The 79 images that went into the large mosaics were taken on Aug. 8, 2012 PDT (Aug. 9, EDT) by Curiosity’s 34-millimeter Mastcam. The black areas indicate high-resolution images not yet returned by the rover.
The full-resolution images are available at: http://www.nasa.gov/msl and http://mars.jpl.nasa.gov/msl/multimedia/images/ .
Curiosity sent lower-resolution versions of these images earlier in the week. The latest versions, sent while Curiosity was undergoing a software “brain transplant” and pausing in its acquisition of new science data, are 1,200 by 1,200 pixels.

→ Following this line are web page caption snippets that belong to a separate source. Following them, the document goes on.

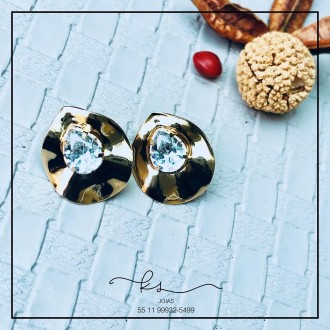 Detalhes do produto brinco ouro base gota estilizada lisa com gota cristal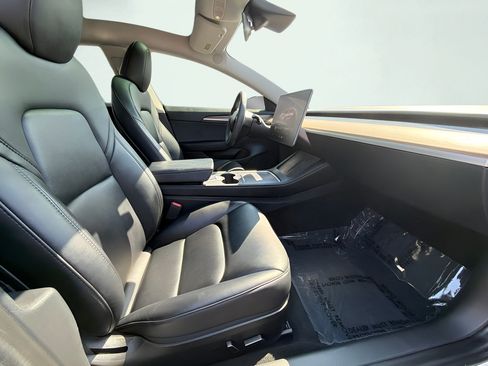Used 2023 Tesla Model 3 Standard Range RWD image 25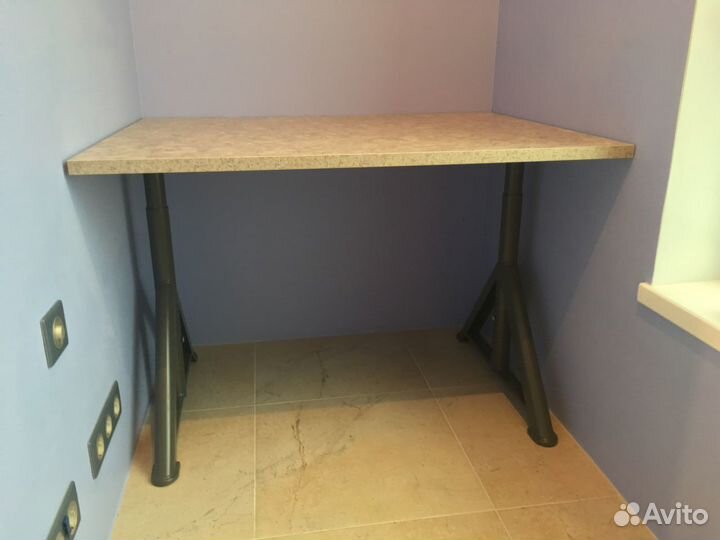 Стол IKEA Idasen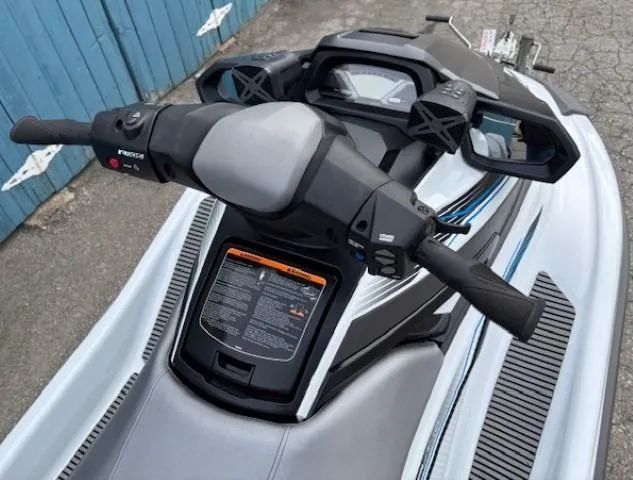 Slide: The Image of 2019 Yamaha WaveRunner VX Cruiser handlebars and dashboard close-up. - 6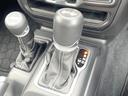 サハラ　１オーナー　黒革シート　ＡｐｐｌｅＣａｒＰｌａｙ　純正ナビＴＶ　バックカメラ　アダプティブクルコン　シートヒーター　純正１８インチＡＷ　パークアシスト　ブラインドスポットモニター　ＥＴＣ　禁煙車（24枚目）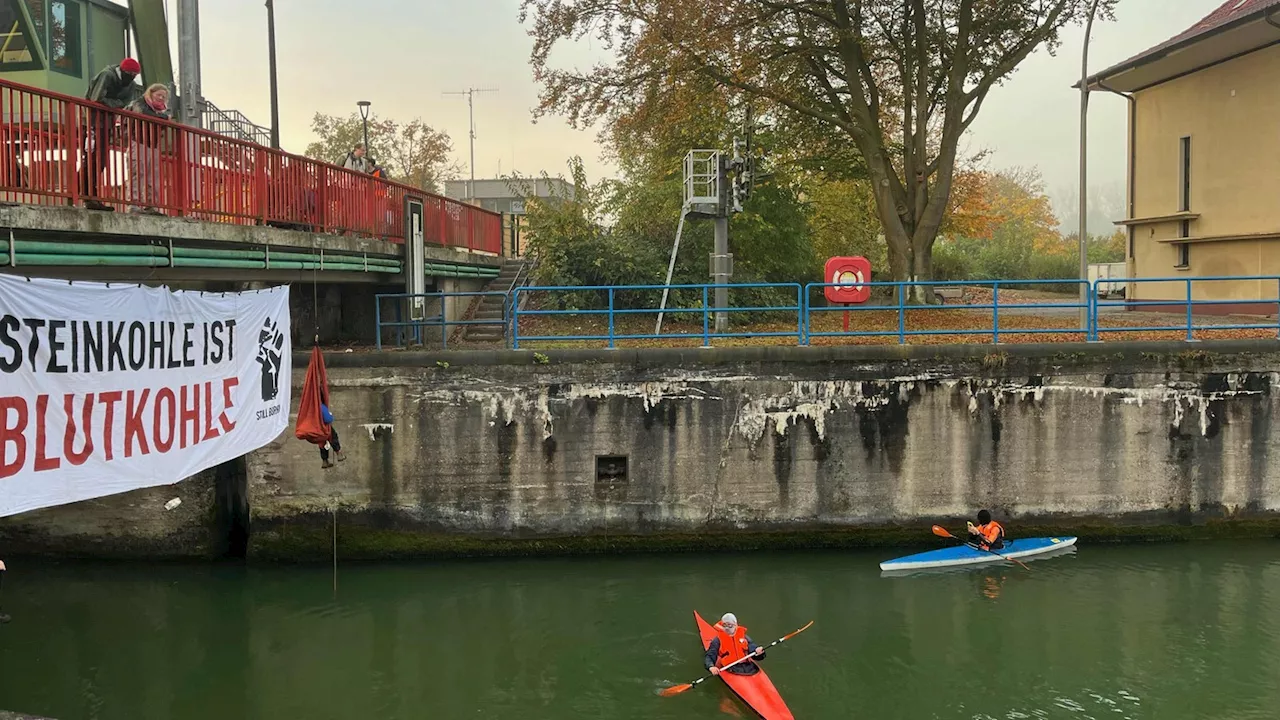 Klimaaktivisten blockieren Schleuse Flaesheim in Haltern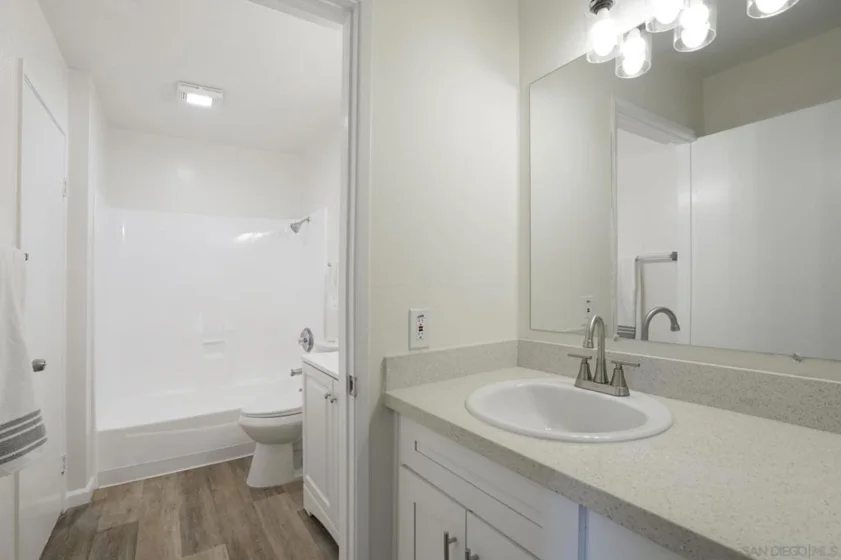 6064 Rancho Mission Road #450 photo 17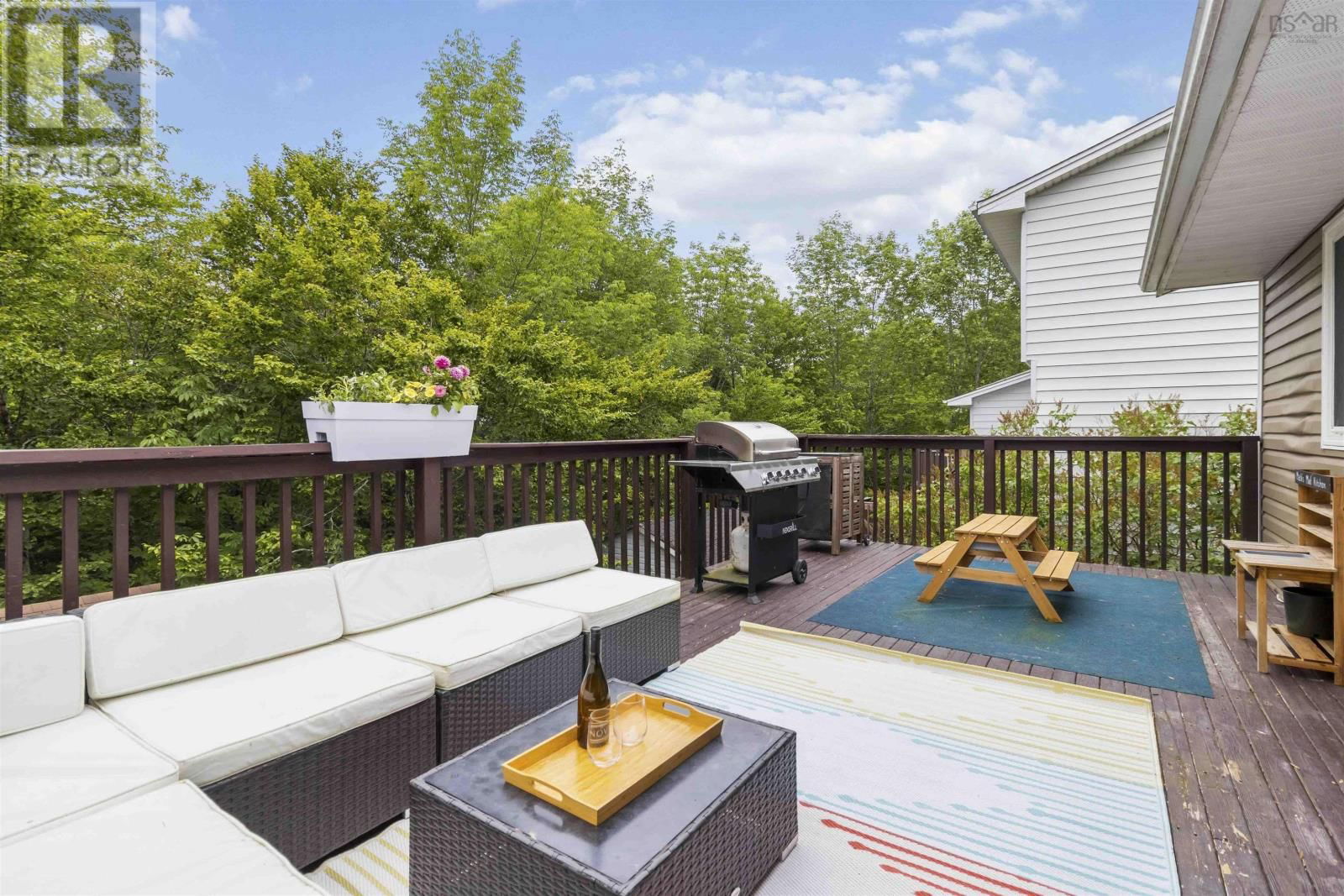 153 CAVALIER DRIVE Image 18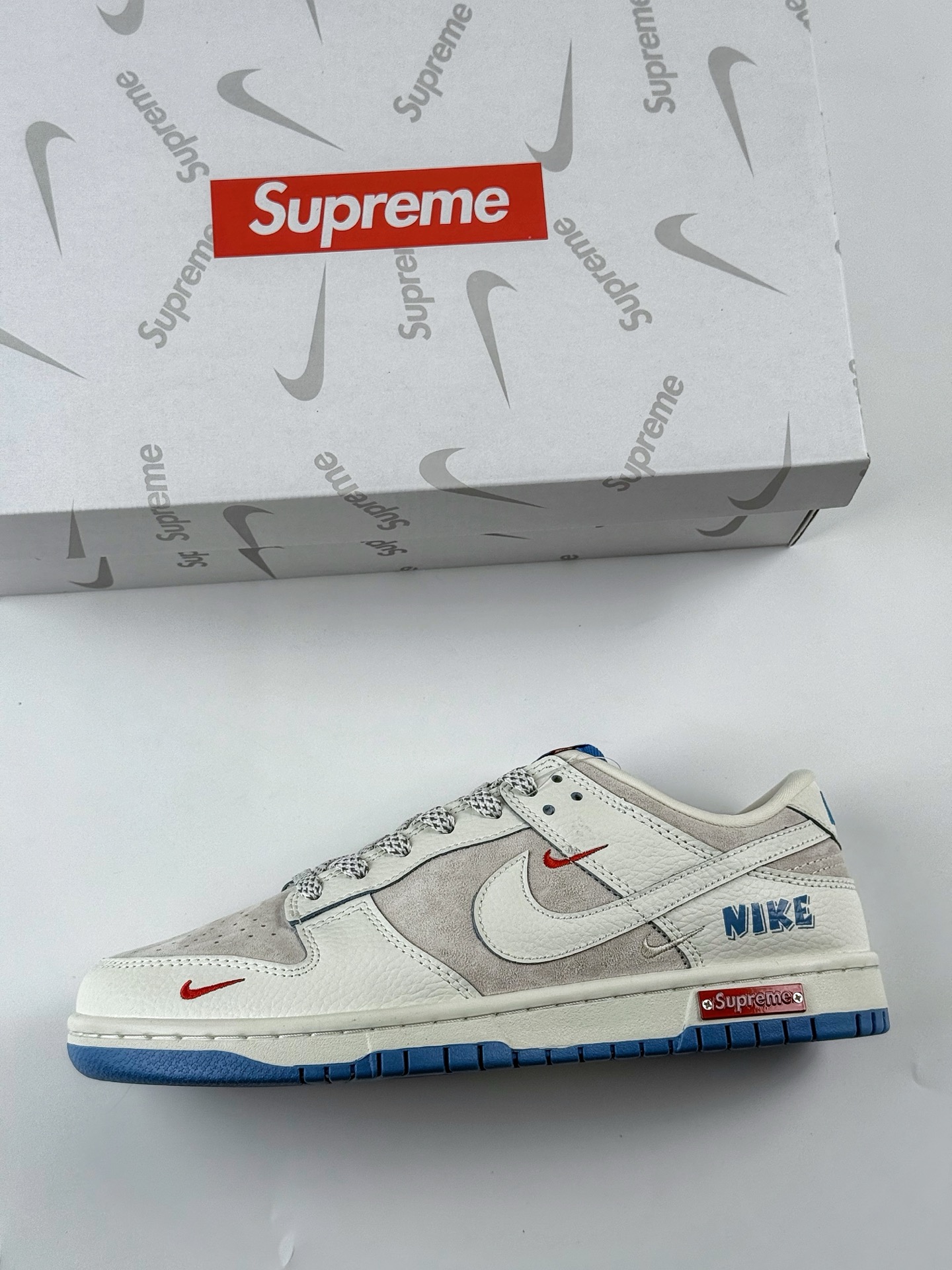 Nike SB Dunk Low x Supreme 白蓝红三小钩满天星 SC9207-411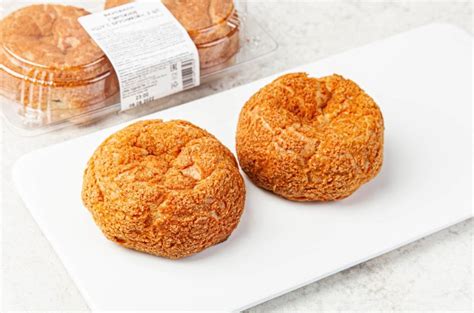 Пирожное ВкусВилл / Избёнка «Шу с брусникой» | отзывы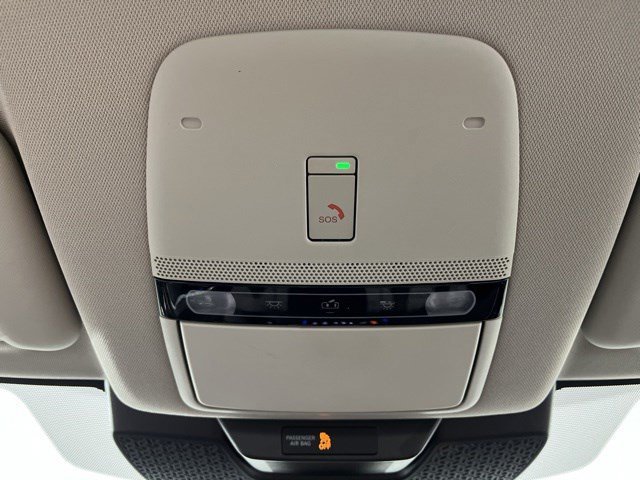 Used 2023 Deep Ocean Blue Pearl/Black Diamond Pearl Nissan ENGAGE image 30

In one version of the large mosaic, the colors portrayed are unmodified from those returned by the camera. The view is what a cell phone or camcorder would record, since the Mastcam takes color pictures in the exact same manner that consumer cameras acquire color images. The second version shows the colors modified as if the scene were transported to Earth and illuminated by terrestrial sunlight. This processing, called “white balancing,“ is useful for scientists to be able to recognize and distinguish rocks by their color in more familiar lighting.
Smaller mosaics of some of the areas most interesting to science team members are also available. One shows a section on the crater wall north of the landing site, where a network of valleys believed to have formed by water erosion enters Gale Crater from the outside. This is the first view scientists have had of a fluvial system – one relating to a river or stream – from the surface of Mars.
Curiosity continues to be very healthy, with all instruments and engineering subsystems operating as planned. There are no science or instrument activities planned on Sol 5. Two weeks ago, the new flight software, which is optimized for surface operations, was tested for the first time and successfully executed all planned Sol 5 rover activities. The test demonstrated that the new software is ready to support the upcoming surface operations mission phase.